After generating summaries with incremental updating or hierarchical merging, we create a json file with a dictionary that maps book names to their final summaries. If the input file is `summaries.json`, then the extracted final summaries will be saved to `summaries_cleaned.json`.

```
python -m booookscore.postprocess --input_path {input_path} 
    --model {model} --api {api} --api_key {api_key}
```

- `--input_path`: the path to the chunked data (pickle file)
- `--model` (optional): which model to use if you want a LLM to remove summary artifacts
- `--api` (optional): which API to use, currently supports `openai`, `anthropic`, `together`
- `--api_key` (optional): the path to the txt file storing your OpenAI API key
- `--remove_artifacts` (optional): if specified, it will ask a language model remove artifacts from merging (must also specify `model` and `api_key` in this case)

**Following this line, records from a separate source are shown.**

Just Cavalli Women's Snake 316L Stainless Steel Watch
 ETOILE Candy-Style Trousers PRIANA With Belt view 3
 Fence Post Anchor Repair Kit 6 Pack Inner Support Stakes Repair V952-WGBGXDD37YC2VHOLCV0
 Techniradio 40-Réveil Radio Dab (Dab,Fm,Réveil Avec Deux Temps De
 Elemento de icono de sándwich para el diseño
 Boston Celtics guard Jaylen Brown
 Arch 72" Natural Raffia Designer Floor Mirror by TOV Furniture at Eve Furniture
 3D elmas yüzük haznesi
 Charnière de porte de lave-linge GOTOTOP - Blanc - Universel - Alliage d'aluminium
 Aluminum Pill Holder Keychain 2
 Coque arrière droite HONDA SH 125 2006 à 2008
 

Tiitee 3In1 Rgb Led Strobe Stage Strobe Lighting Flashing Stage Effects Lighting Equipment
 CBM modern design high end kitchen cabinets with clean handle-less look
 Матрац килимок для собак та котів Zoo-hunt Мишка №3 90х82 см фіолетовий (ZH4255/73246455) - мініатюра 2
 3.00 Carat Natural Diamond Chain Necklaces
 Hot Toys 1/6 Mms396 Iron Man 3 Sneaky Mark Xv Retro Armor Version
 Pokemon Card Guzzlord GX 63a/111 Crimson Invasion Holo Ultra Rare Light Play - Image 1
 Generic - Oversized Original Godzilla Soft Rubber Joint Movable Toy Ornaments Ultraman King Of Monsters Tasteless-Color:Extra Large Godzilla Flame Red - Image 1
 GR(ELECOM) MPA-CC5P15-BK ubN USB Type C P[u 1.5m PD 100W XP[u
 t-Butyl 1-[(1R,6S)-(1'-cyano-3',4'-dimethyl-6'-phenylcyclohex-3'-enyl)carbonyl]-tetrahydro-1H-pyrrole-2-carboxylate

Example usage (without artifact removal):

```
python -m booookscore.postprocess --input_path summaries.json
```

Example usage (with artifact removal):

```
python -m booookscore.postprocess --input_path summaries.json --model gpt-4 
    --api openai --api_key api_key.txt --remove_artifacts
```

## Compute BooookScore

```
python -m booookscore.score --summ_path {summ_path} --annot_path {annot_path} 
    --model {model} --api {api} --api_key {api_key}
```

The input summaries must be stored in a json file that maps from book names to final book summaries.

- `--summ_path`: the path to all summaries (must specify if there are no annotations yet)
- `--annot_path`: the path to model-generated annotations
- `--model`: which model to use
- `--api`: which API to use, currently supports `openai`, `anthropic`, `together`
- `--api_key`: the path to the txt file storing your API key
- `--v2` (optional): if specified, it will generate annotations using v2 code and prompt, which uses sentence batching instead of evaluating sentence by sentence (contributed by [@IlyaGusev](https://github.com/IlyaGusev)!)
- `--batch_size` (optional): batch size to use if using v2

Example usage (original BooookScore):

```
python -m booookscore.score --summ_path summaries/chatgpt-2048-hier-cleaned.json 
    --annot_path annotations.json --model gpt-4 
    --api openai --api_key api_key.txt
```

Example usage (v2 BooookScore with sentence batching):

```
python -m booookscore.score --summ_path summaries/chatgpt-2048-hier-cleaned.json 
    --annot_path annotations.json --model gpt-4 --api openai 
    --api_key api_key.txt --v2 --batch_size 10
```

# ✅ TODO's for future versions

- Rework the data structure used for hierarchical summaries, it would be best to maintain a mapping between summaries that are one level apart.
- Improve checkpoint for hierarchical merging, currently it only saves outputs when it gets through the whole book.